Caring about what other people think

Social anxiety and carefreeness are polar opposites. With anxiety there is a compulsive want to control your surrounding and the people around you. It becomes sickeningly the main focus in the mind and everything is about other peoples perception (and here it is important to know that It’s always the perception you project. It’s impossible to know..) I remember being scared of getting on the bus because I didn’t want to make a mistake in front of a crowd and I didn’t want to met other peoples eyes when I found a seat. If someone got on the bus and sat beside me I thought typical and worried in my mind and dreaded when I needed to get off. The whole bus ride would be filled with anxiety and worry about what I thought other people thought. Imagine that worrying energy every time you are around people? It’s disabling.

As a teenager your problems seem like the end of the world; one doesn’t have perspective and doesn’t know it. The most important thing is fitting in and being popular. I’ve always heard you care less with age. I think that is true.. Naturally one figures life out a bit more and gets to know oneself. I know I’ve done that. Still, it’s not enough to be more comfortable in my skin. I used to HATE myself. Load myself. Now, I’m okay. I still have negative thought of myself every now and then but it’s better. But I want to love myself. I don’t know how. Having a supportive and adoring boyfriend helps.

There are a few places in my everyday life that I notice that I still care a lot about what other people think. Those areas are:

  • Plans for the future; I unconsciously take into consideration what people will think if I do this and that. I think of my achievements in term of what people will think. Why? The ego..
  • My image; I catch myself feeling a sense of accomplishment when someone says something about me that I overhear that correlates with how I want to be seen. The ego man..
  • When me and the boyfriend are in the van and people look curiously in on our life. I get agitated and a bit annoyed. Why? I don’t like to be judged because I can’t control what they think.
  • When I practice on filming myself for youtube. I get so nervous when thinking that my neighbours hear me and judge me. Why? Again, I don’t like to be judged because I can’t control what they think.

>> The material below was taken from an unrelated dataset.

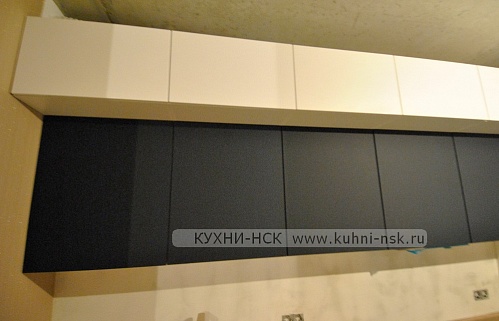 Кухня угловая модерн матовая встроенная пеналы встроенная посудомойка стильные с радиусными фасадами духовой шкаф в пенале под потолок плита встроенная портфолио телевизор на кухне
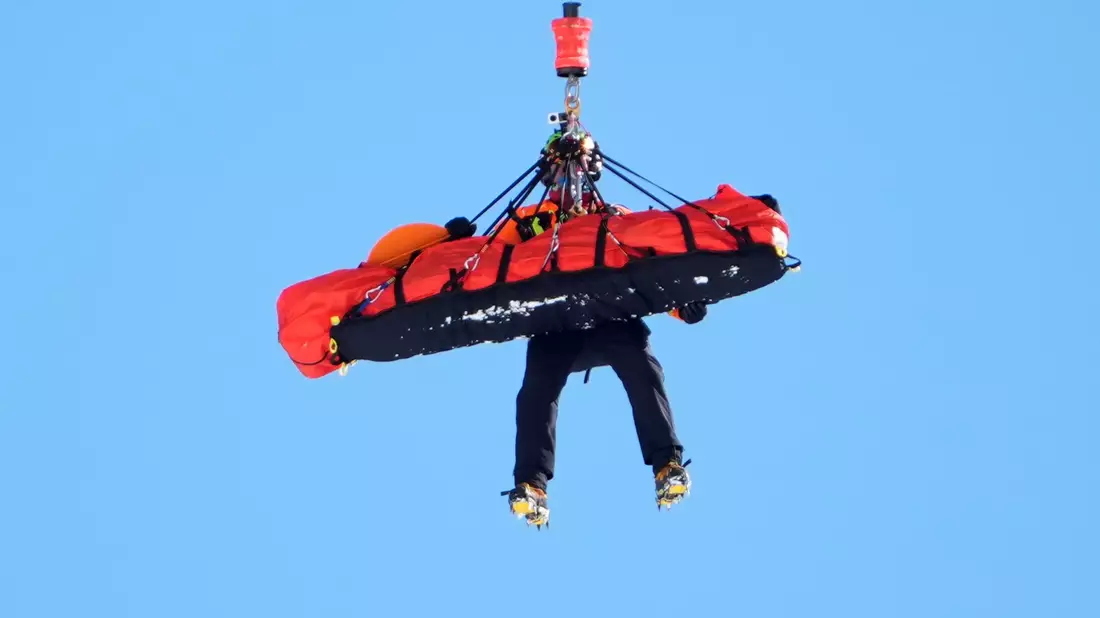 Lindsey Vonn wurde nach ihrem Sturz mit dem Helikopter abtransportiert. (Archivbild) - Bild: Jacquelyn Martin/AP/dpa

SO! When it comes down to it, it’s the ego and the control. THEY MAKE ME CARE – I wrote that right as I thought it and then wanted to correct it because I felt that I’m trying to blame it on something else. BUT that’s the truth. That’s how I think. Maybe that’s what I do and it’s meaningful to acknowledge that. I don’t take responsibility in this sense. How can I take responsibility? Accept the problem and that I let it happen. First step: consciousness when it happens. Second: question it. Is it really logical to react this way? Can I change my reaction? Third: ? not there yet. Maybe I’ll get there… another thing I wrote automatically then wanted to correct to: I’ll get there. That maybe. Why do I feel like I won’t accomplish ego death? Absurd. Not correct. Need to start having hope for myself and on my ability. As always: have self-compassion and patience ❤

A suggestion is to read “The Courage to Be Disliked by Ichiro Kishimi & Fumitake Koga” on this. It’s a reaaaallly good book that is written like a dialogue between a filosofer and a student. It’s a good one. I loved it and really want to read it again. It’s on my to do list. Maybe I’ll read it soon and give a summary and discuss my thoughts on it.